As the integration density in the manufacturing of IC's increases and tighter design rules are implemented, the accuracy of overlay in the photolithography process is becoming all the more important. Consequently, investigation and characterization of the accuracy (as well as precision) of the overlay measurement are being required to insure that the overlay metrology tool qualifies for the new technologies. In this paper, we analyze the relationship between wafer substrate types and the respective characteristic overlay measurement errors associated with them. We compare results using different illumination wavelengths in the overlay tool. We define the Wafer Induced Shift (WIS) contribution to the measurement accuracy error and introduce a metric for it.

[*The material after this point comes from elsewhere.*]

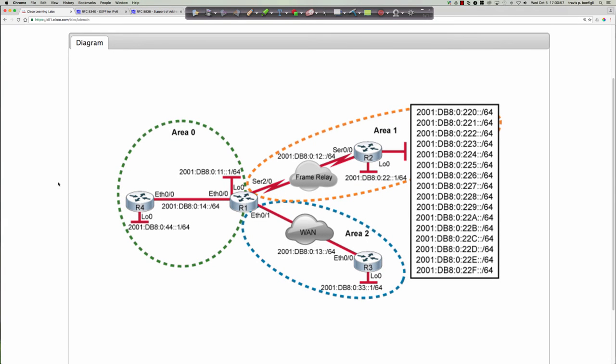Hello and good afternoon CTS 265 section 840 students for the fall 2016 semester at Anne Arundel Community College. This is the CCNP route course and this afternoon's video tutorial is going to be on Cisco Learning Labs activity number 14, Discovery 14, where we're going to begin our conversation about OSPF version 3 and RFC 5838, the OSPF v3 with address families add-on.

And we analyze the relationship between the TIS and WIS. We show that the wavelength of the optical overlay measurement (OL, for short) should be fitted separately to each of the various kinds of overlay measurement targets, or marks. Buried type targets, covered by transparent materials, for which the measurement is made through the transparent interlayer, benefit from wavelength selection due to the possible improvement in contrast associated with an interference effect. Open type targets, on the other hand, in which the measurement signal is collected off the substrate shape itself, do not benefit from that. There is another problem to consider, however. Such targets may show a considerable WIS, even thought TIS and precision are good both before and after etch. The WIS error can be as high as 100 nm. This could create serious OL problem and it means that TIS and precision are not enough to characterize the quality of measurement, and WIS is equally important, it not more so. We look into the causes of WIS in the substrate shape, overlay mark design and fabrication method. We show that with careful selection of illumination wavelength, some layers produce no WIS. On the other layers WIS remains a problem and other methods are still required to control it.